II.3.c. Protection du quartier des Brotteaux Rouges : le quai Fillon

La logique de la croissance urbaine au sein du corridor fluvial va se poursuivre au XXe siècle, et entraîne alors une volonté de protection des nouveaux enjeux par les édiles locaux qui finissent par obtenir le prolongement du rempart de protection.

Dans les années 1920, la Ville de Lyon réussit à obtenir l’aval du Préfet du Rhône pour édifier un quai destiné à protéger le quartier des Brotteaux Rouges contre les inondations, qui reste le seul quartier lyonnais à ne pas être protégé des débordements du Rhône. L’arrêté préfectoral du 28 juin 1923 fixe les alignements du futur quai Fillon le long des constructions existantes, sur le tracé du chemin de la Vitriolerie à Saint-Fons, rebaptisé chemin de desserte de l’Ile de l’Archevêque194. Un deuxième arrêté en date du 2 juillet 1927 fixe le nivellement futur du quai, qui sera placé au-dessus des plus hautes eaux par l’édification d’un remblai de 14 m de large à partir des alignements des propriétés de l’époque. Consulté pour avis, le Service Navigation ne s’oppose pas au projet, considérant que les travaux n’auront pas d’incidence sur l’écoulement des crues. Les arguments alors avancés vont à l’inverse de ceux opposés moins de trente ans plus tôt par H. Girardon à la réalisation d’un tel ouvrage : les ingénieurs estiment que l’impact de l’endiguement sera négligeable car ce dernier se situe en arrière de la lône de La Mouche (appelée aussi lône Félizat) et immédiatement à l’aval du confluent de la Saône avec le Rhône, à partir duquel la section du fleuve bénéficie d’un élargissement suffisamment important pour continuer à offrir aux crues un débouché acceptable. Cette contradiction n’est d’ailleurs absolument pas relevée : les craintes ultérieures de l’administration ne sont plus mentionnées.

Les travaux de remblaiement commencent immédiatement dans la partie amont, après que les propriétaires riverains aient cédé gratuitement les terrains concernés par l’emprise du projet (photo 21). Il semble que l’entreprise ait d’abord avancé lentement, peut être du fait de l’ampleur de la dépense à fournir, ou dans l’attente de précisions quant au projet de port industriel prévu entre les abattoirs et Saint-Fons et soumis à l’approbation de l’Etat par la Chambre de Commerce de Lyon. Suite à l’adoption de ce dernier par décision ministérielle du 4 décembre 1931, la Ville adresse une demande de subvention des travaux de défense contre les inondations au Ministère des Travaux Publics, au titre de la loi du 28 décembre 1931 sur l’outillage national. La requête est motivée par le fait que la réalisation du quai Fillon répond à une partie des dispositions prévues pour la desserte du port industriel, qui doit être assurée par la création de deux voies contigües de 14 m de large : l’une, côté terre, destinée au service du port, l’autre, le long du Rhône, devant servir de promenade. Ainsi, l’endiguement du quartier des Brotteaux Rouges est présenté par la Ville comme une anticipation sur les travaux du futur port Edouard Herriot.

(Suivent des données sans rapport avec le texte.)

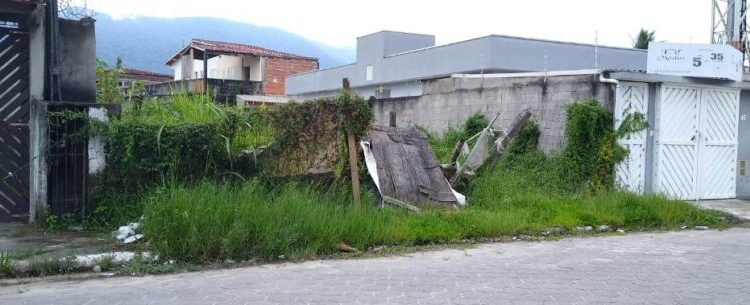 Prefeitura de Caraguatatuba registra 571 autuações, em 2021, por terrenos e calçadas com mato alto e irregulares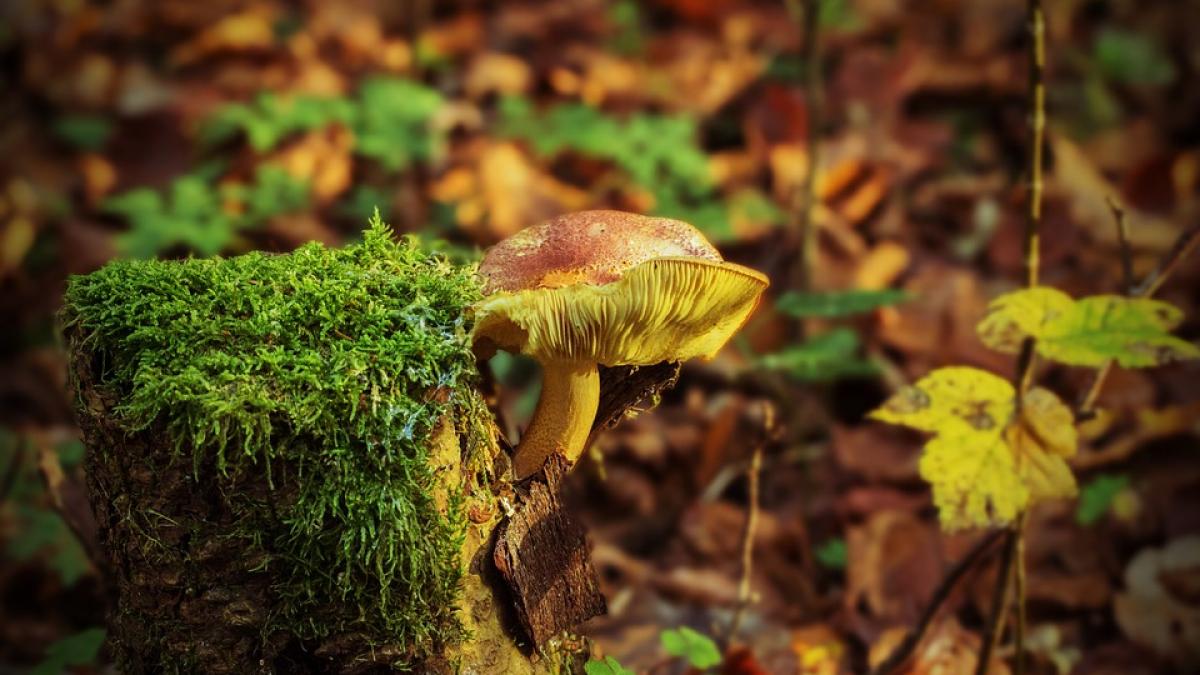alerta la hunedoara 13 persoane au ajuns la spital dupa ce au mancat ciuperci din padure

Le dossier adressé le 7 janvier 1932 par C. Chalumeau, Ingénieur en Chef de la Ville, consiste en un exhaussement des voies publiques en bordure du Rhône : l’édification du quai Fillon, de la rue Chevrot jusqu’au chemin vicinal n° 9 de Pierre-Bénite à Vénissieux, en aval du mur d’enceinte de Saint-Fons, ainsi que le relèvement des rues attenantes pour les raccorder au futur quai, à savoir la rue Chevrot, l’avenue Jean Jaurès et le chemin des Culattes. Le quai Fillon doit être élevé au-dessus du niveau de la crue de 1928 et protégé côté Rhône par un perré et des enrochements de défense. Dans la section fraîchement remblayée allant de la rue Chevrot au Chemin de Culattes, déjà insubmersible suite aux travaux amorcés depuis 1928, un remblaiement supplémentaire est projeté afin de raccorder la voirie à un nouveau pont alors prévu dans l’axe de l’avenue Jean Jaurès. Le coût de l’ensemble est estimé à 8,8 millions de francs, la ville demandant à l’Etat une participation de 3 millions. Suite à l’avis favorable du Service Navigation, l’Etat accepte d’accéder à la requête municipale, mais décide de limiter sa participation aux seuls travaux de défense contre les crues restant à effectuer, c’est-à-dire à l’édification du quai Fillon dans sa partie aval, du chemin des Culattes au mur d’enceinte de Saint-Fons, sans financer l’exhaussement de la partie amont du quai, déjà insubmersible, ni des voies attenantes. Par la décision du 29 février 1932, le Ministre des travaux Publics accorde une subvention équivalant au tiers de la dépense à fournir pour achever l’endiguement, le montant total de ces travaux ayant été estimé à 2,7 millions de francs.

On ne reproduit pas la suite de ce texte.